Ragged_Claw wrote: »When ZoS go to take my ESO+ money:
'I am currently investigating issues some companies are having regarding taking subscription fees from my bank account. I will update as new information becomes available.'
Ragged_Claw wrote: »When ZoS go to take my ESO+ money:
'I am currently investigating issues some companies are having regarding taking subscription fees from my bank account. I will update as new information becomes available.'
you should make a separate thread by that name and would be awesome to see it closed by mods
Grimreaper2000 wrote: »Unbelievable and unacceptable! Server issues are always possible but not 6 or more times in a few days.
Most people pay pay for it, are subscribed ... and all we we get are "we are investigating, thx for your patience".
Never heard of a compensation for paying members?!
I pay good money to play this game, I can only play so many hours a day as I'm in rehab so I have quite an extensive schedule while I'm in here, playing this for a couple of hours in the evening is a relief to the stress, this *** isn't f*cking helping, at least compensate, with something..
Trikie_Dik wrote: »A typical SDLC will involve replication of the issue in dev/sandbox environment, packing up a deployment script that will contain the proposed fix AFTER creating the necessary backup files in case of a rollback, then testing that fix in the dev/sandbox instance. Once thats proven to be a fix, you need to test the roll back feature in case it wont preform the same in production, and then finally get all the approvals, checkoffs, user verification testing, etc before conducting a production rollout.
Trikie_Dik wrote: »As for the comment between BCP and DR....
You do NOT roll to your Disaster Recovery instance for a tiny blip like loging issues - many of times would experience the same problem is there is deeper seeded integration issues.

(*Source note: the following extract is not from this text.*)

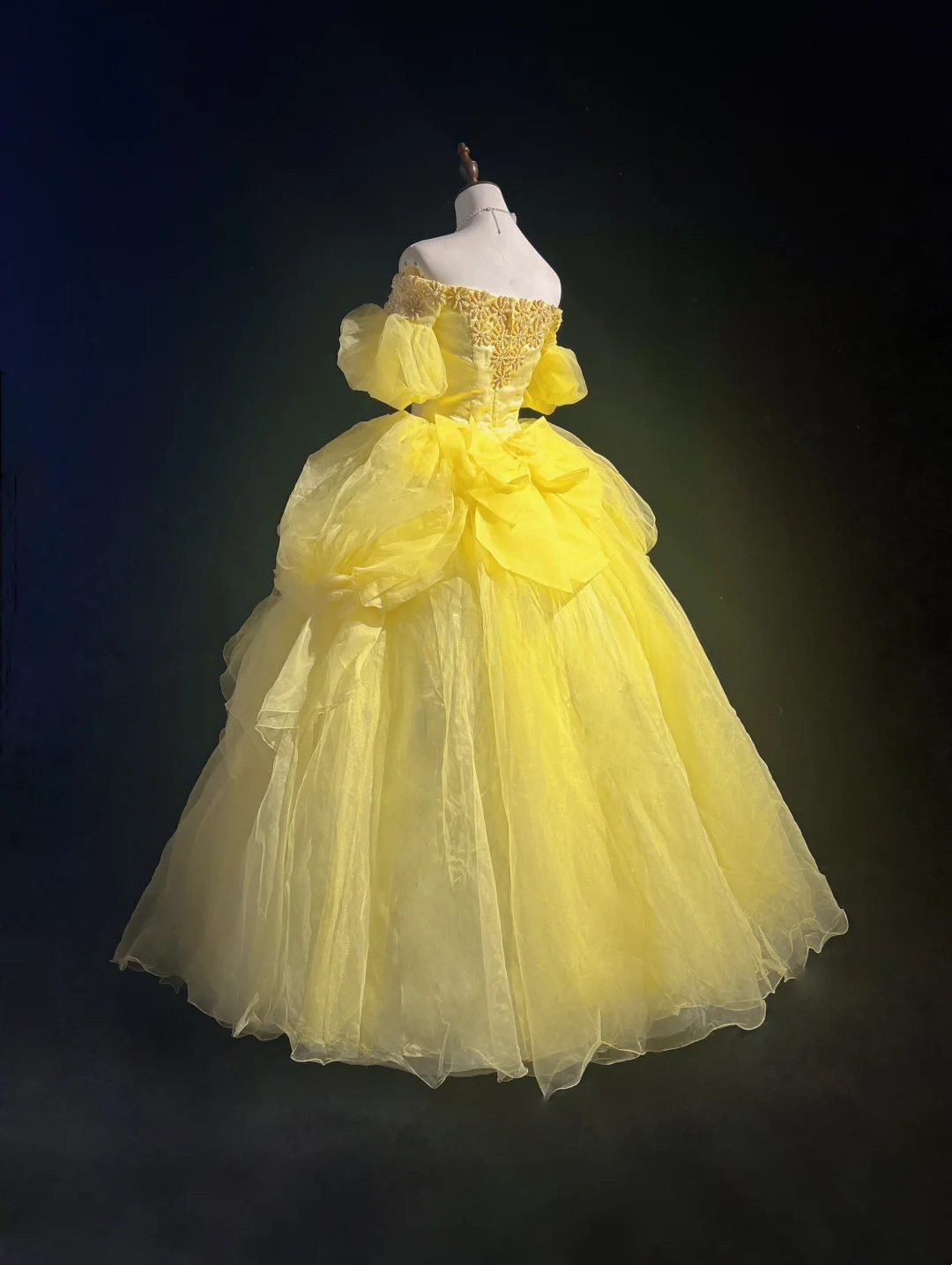 Hermoso vestido de quinceañera largo con escote cuadrado y tul amarillo, floral, para 15 años y 16 años (DH2683)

Not only do you need to ensure the DR env is setup with the latest copy of production, but you also need a plan to re-sync with production once the DR env is no longer needed.
For my line of work, which is in the ATM and Banking support industry, you will only roll to DR in the event of a total disaster and the current env will require days of work and not be suitable for quite some time. It must warrant not only the time to cut over, but also the time required to resync and cut back over to production once that is ready.
Long story short - we are wayyyy before a 'roll to DR' plan at this point
Even for a BCP plan... if your having integration issues between the app and the credential store, swapping over to a backup DB or app server will likly have the same issue.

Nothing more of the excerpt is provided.